▸ **THE DATA**:
-*-*-
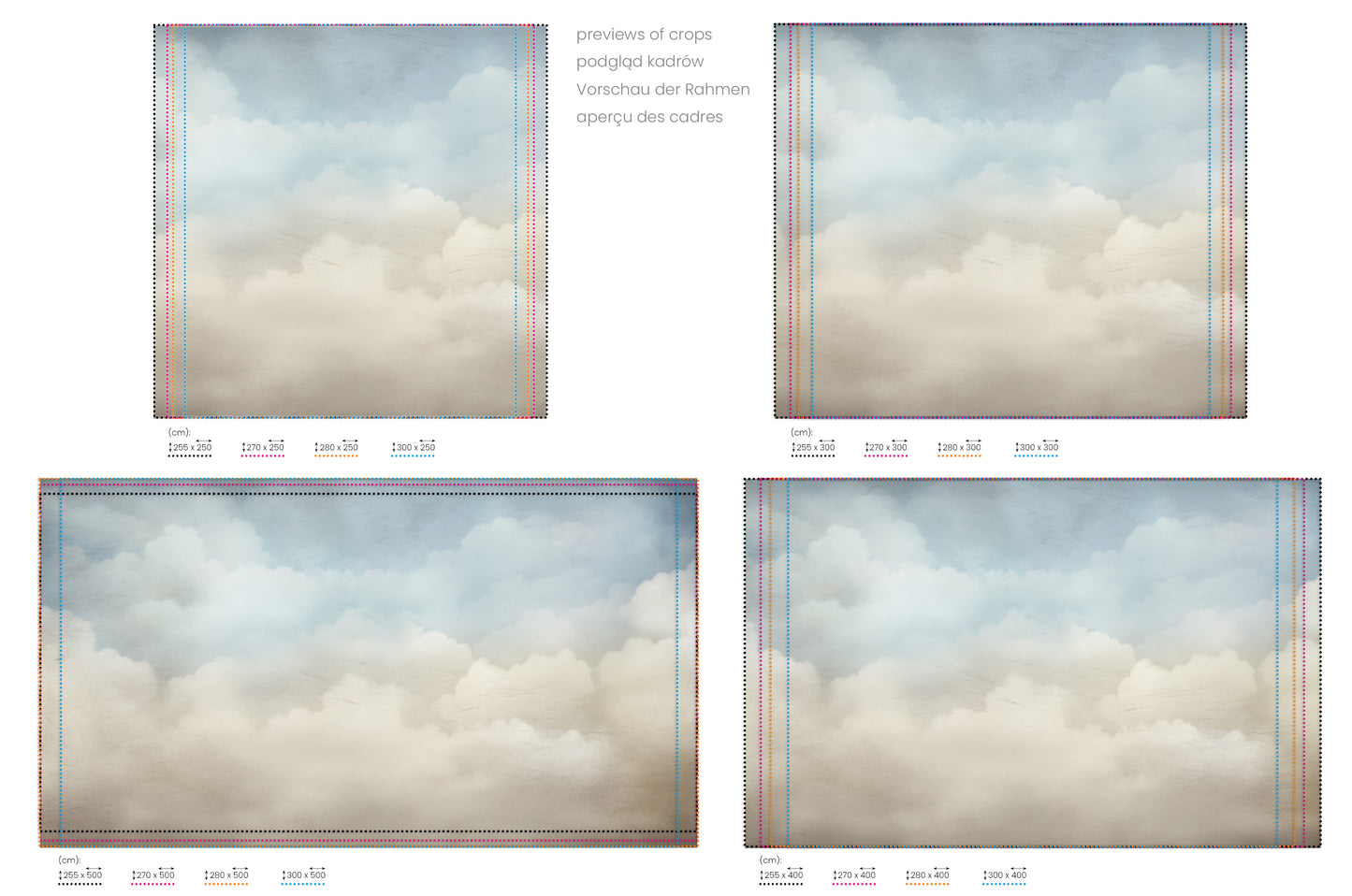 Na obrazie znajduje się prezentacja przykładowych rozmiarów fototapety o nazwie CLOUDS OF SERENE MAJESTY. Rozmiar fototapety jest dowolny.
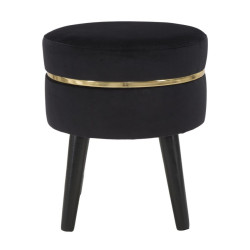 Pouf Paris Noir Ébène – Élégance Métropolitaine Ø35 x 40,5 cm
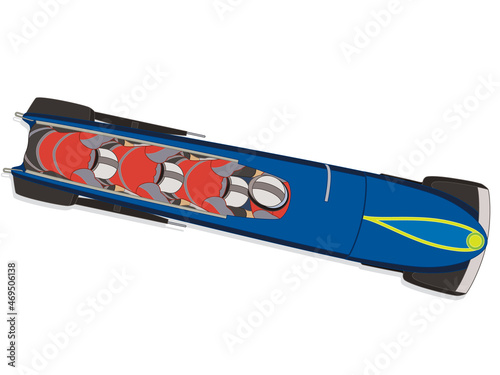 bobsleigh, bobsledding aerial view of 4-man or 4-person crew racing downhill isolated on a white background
-*-*-
▸ **HOW TO COMPLETE THIS TASK**: Print the listing exactly, images excluded.

▸ **TASK ANSWER**:
 Na obrazie znajduje się prezentacja przykładowych rozmiarów fototapety o nazwie CLOUDS OF SERENE MAJESTY. Rozmiar fototapety jest dowolny.
 Pouf Paris Noir Ébène – Élégance Métropolitaine Ø35 x 40,5 cm
 bobsleigh, bobsledding aerial view of 4-man or 4-person crew racing downhill isolated on a white background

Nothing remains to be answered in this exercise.